Les résultats des contrats aidés font l’objet de débat. Leur bilan ne peut se limiter à la notion de placement, comme certains « experts » le prétendent, de manière peu sérieuse. Leur impact dépend de leurs caractéristiques, des publics ciblés, etc. Il y a un bilan par type de contrat aidé. Les contrats aidés constituent une étape dans un parcours professionnel (pour un premier emploi comme pour le maintien en emploi de personnes de 60 ans et plus). Ils apportent une expérience professionnelle concrète, ils permettent de présenter une référence sur un CV, ils peuvent déboucher sur un recrutement, etc. Les contrats aidés actuels, le Contrat Unique d’Insertion (CUI) et les « emplois d’avenir » ne sont pas forcément les meilleurs outils (ce sujet mérite un article en soi). On constate leurs limites. Il faut changer ces outils pour l’emploi.
COMMENT ENGAGER LA RÉFLEXION SUR CONTRATS AIDES DU FUTUR ?
Une réflexion sur les contrats aidés ne peut se limiter à un tout ou rien.
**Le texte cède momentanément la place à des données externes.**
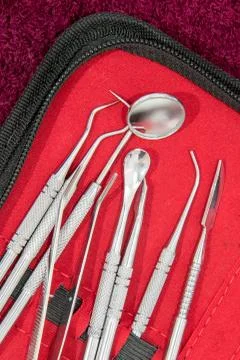 Denture tool on red bag Stock-Fotos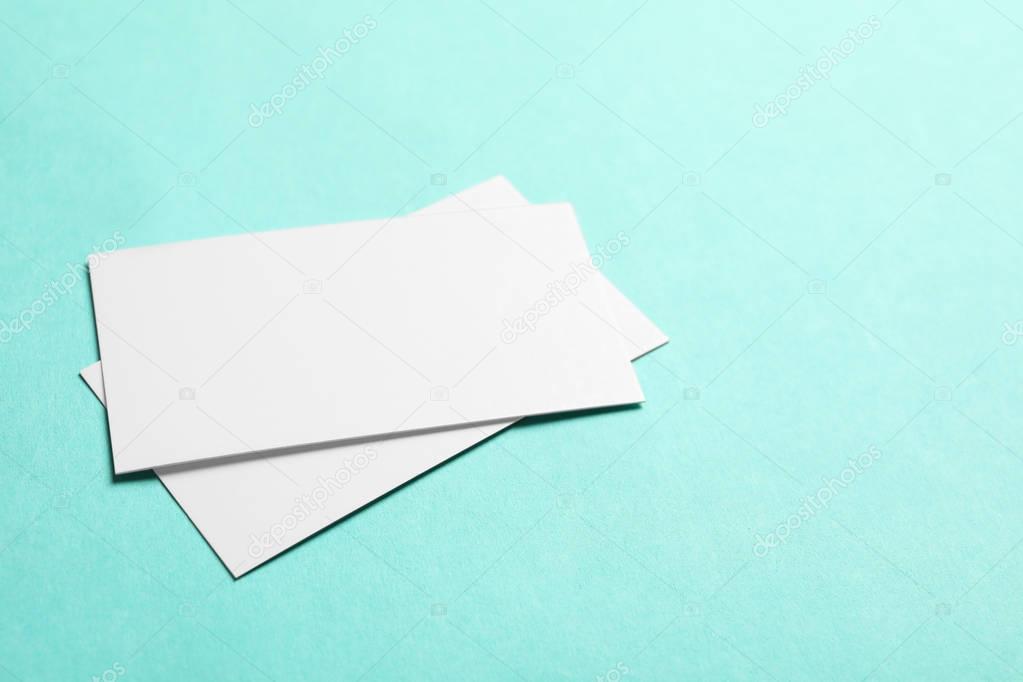 Blank business cards on color background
Le choix idéologique, d’inspiration ultra libérale d’une suppression totale des contrats aidés ne semble pas réaliste, dans le contexte durable du chômage de masse et des catégories connaissant des fortes difficultés. La question qui se pose est de savoir quels contrats aidés mettre en place dans les prochaines années. Il faut, compte tenu des multiples expériences qui ont eu lieu, redéfinir ce que doivent être les contrats aidés de demain. L’intervention d’acteurs de terrain expérimentés et de divers experts dans cette réflexion s’impose pour ne pas laisser au seul soin de l’administration centrale[6] la configuration de nouvelles formules de contrats aidés.
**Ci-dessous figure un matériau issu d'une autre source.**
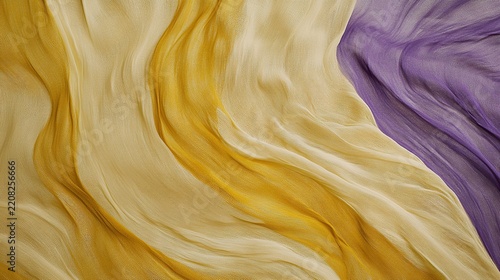 Close-up of flowing golden yellow and purple satin fabric with wave-like folds and silky texture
Pour donner une idée à titre d’exemple : pourquoi le premier contrat en CDI d’un jeune débutant ne donnerait-il pas lieu à une exonération totale de cotisations sociales pendant un an, puis, une exonération partielle en seconde année ? Ces emplois aidés bénéficieraient à toute la jeunesse sans distinction pour accélérer l’accès à l’emploi en CDI. Cette mesure serait lisible et devrait s’inscrire dans la durée afin d’inspirer toutes les politiques de recrutement.
[1] Actuellement, on constate la différence du montant de l’aide entre le CUI-CIE pour les entreprises (réalisant des profits) et le CUI-CAE pour les entreprises de l’économie sociale et les services publics.
[2] Les missions locales gèrent actuellement les dizaines de milliers d’emplois d’avenir : le repérage des bénéficiaires dans le cadre de leurs activités normales, puis le suivi dans le contrat, pour lequel elles sont rémunérées.
[3] Par exemple, à l’origine des Contrats d’Accès à l’Emploi (CAE), un CAE « passerelle » concernait des jeunes post bac en échec universitaire en licence, puis cette version du contrat a été rapidement supprimée.
[4] Personnels de Pôle Emploi, des missions locales ou de Cap Emploi.
[5] Cette fiche ne concerne pas les contrats d’alternance que certains auteurs rangent dans les contrats aidés bien à tort. Les contrats d’apprentissage et les contrats de professionnalisation, relèvent de la formation professionnelle, sous contrat de travail, et non de l’emploi.